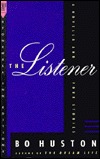 The Listener: A Novella and Four Stories (Paperback)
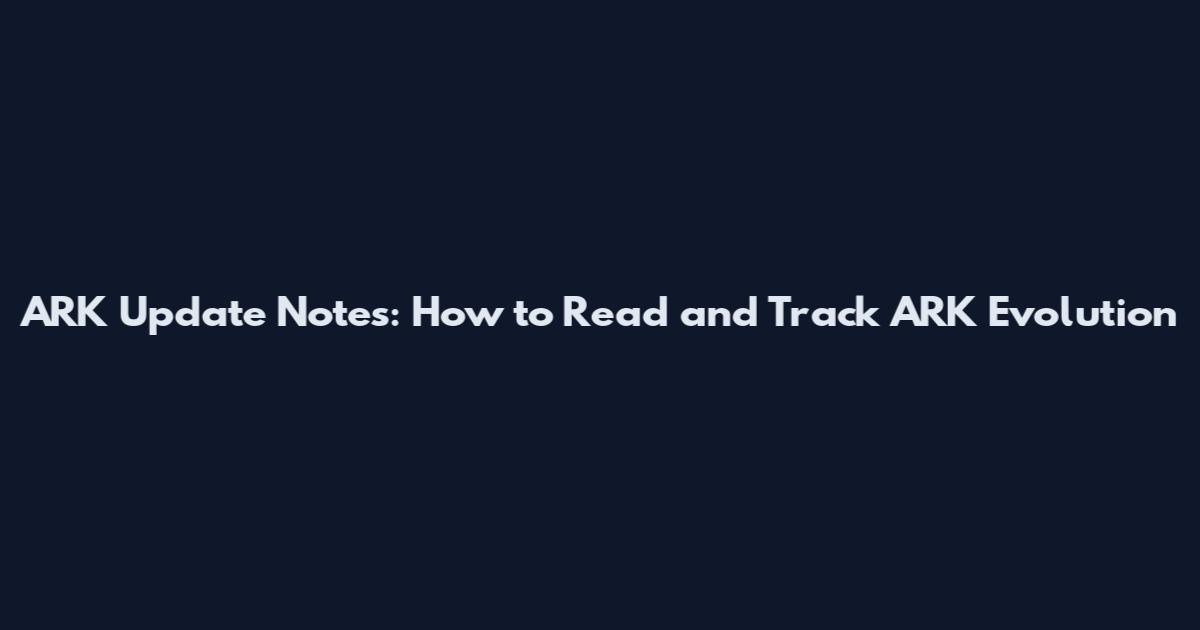 ARK Update Notes: How to Read and Track ARK Evolution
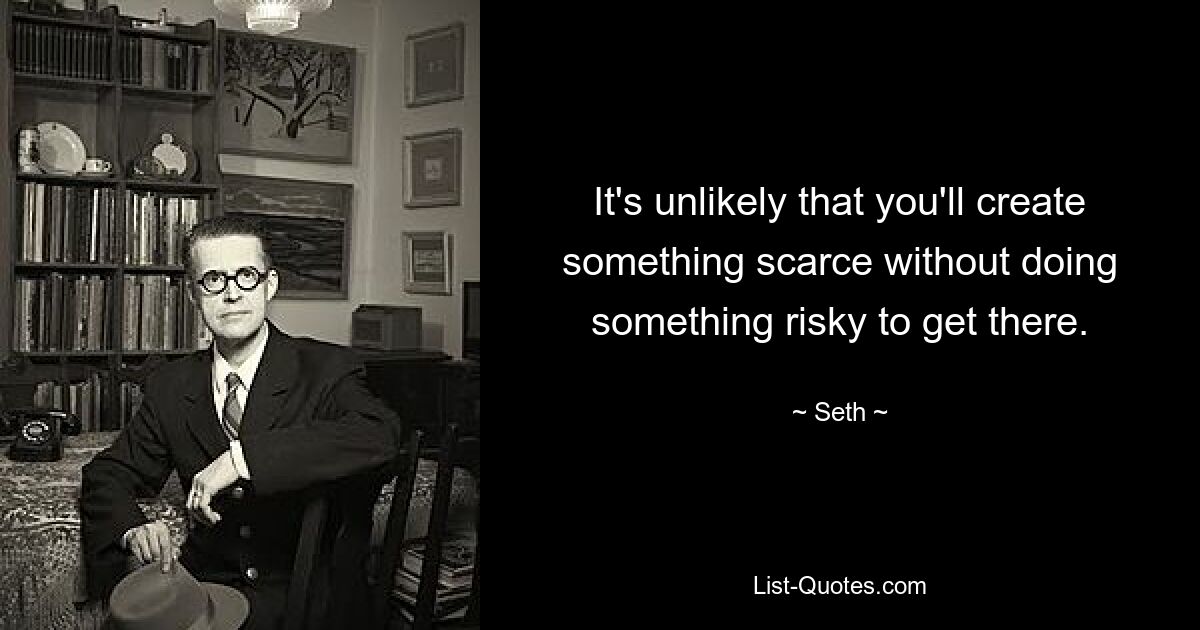 It's unlikely that you'll create something scarce without doing something risky to get there. — © Seth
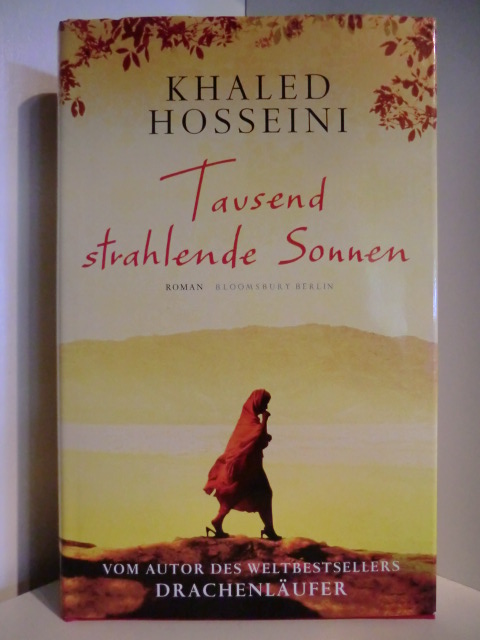 Hosseini, Khaled  Tausend strahlende Sonnen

→ **Exercise instructions**
Print the whole listing above once more, word for word, without its pictures.

→ **Reply**
 The Listener: A Novella and Four Stories (Paperback)
 ARK Update Notes: How to Read and Track ARK Evolution
 It's unlikely that you'll create something scarce without doing something risky to get there. — © Seth
 Hosseini, Khaled  Tausend strahlende Sonnen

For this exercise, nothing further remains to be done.